Adrian Miles and Jeremy Yuille have released "A Manifesto For Responsible Creative Computing v.0.3," and while I'm tempted to reproduce it in its entirety here, Adrian deserves the hits. Here's a smattering:

  • Creative computing is being creative with a computer/network, not being creative on a computer/network.
  • Network literacy is not the same as knowing how to Google.
  • This literacy is demonstrated in the responsible use of computers which understands that the network includes social, ideological, legal, political, ethical and ecological contexts.
  • Breaking, gleaning and assembling is a theory of praxis for these literacies.

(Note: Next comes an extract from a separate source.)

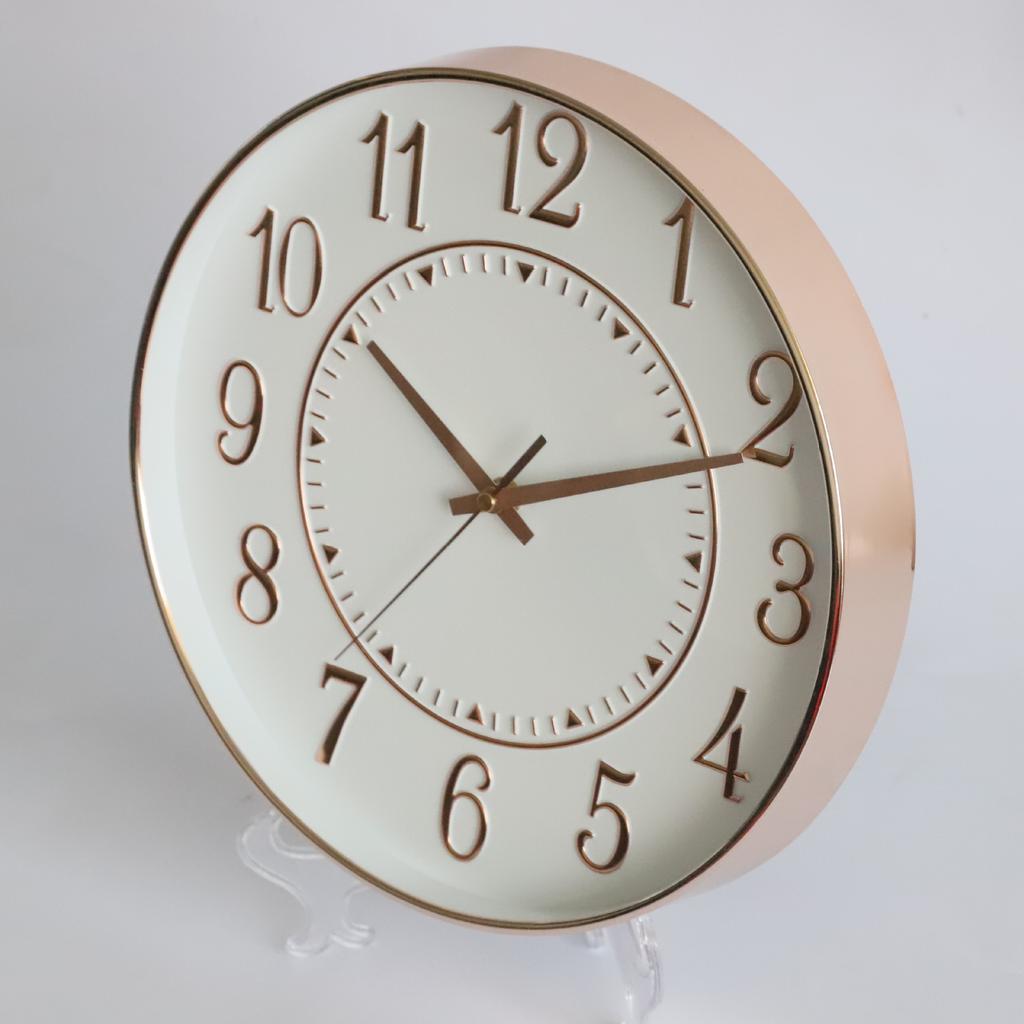 Бесшумные настенные часы 30 см (12 дюймов), креативные и модные, трехмерные цифровые минималистичные часы для дома, гостиной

There's more, so take a gander. If there's one thing that I would add, it's that there's an analogy to be drawn here between what the Manifesto describes as "creative computing" and the way that "creative writing" has been taken up in the academy here in the States. Creative writing is a misnomer, implying that "other kinds" of writing aren't creative on the one hand, and ghetto-izing many valuable lessons about language on the other.

Miles and Yuille contextualize their manifesto by explaining that "We teach students who work in the creative industries," but I'd like to hope (even as I'm mindful of the impracticality of this) that we don't take the word "creative" to mean something other than what we do here. Ours is a field that still maintains ties to a tradition that spoke of rhetoric as poesis and techne, that still has much to think about with respect to the production of discourse.

Let me put it this way. It feels naive to me to suggest that "all computing is creative," but I'm tempted to say this nevertheless. I think of a couple of conversations I had in San Antonio with David Blakesley--it's important to understand that he's focused on digital production in a way that will have profound implications for our discipline. In fact, I'm coming to believe that he may be one of our best examples of someone who is actively engaged in the production of the discipline. And I'm thinking of Jeff's recent post (and WPAJ article) on producing our own software and systems. And I'm even thinking of blogs in general, where a handful of us are producing language and selves on a daily basis.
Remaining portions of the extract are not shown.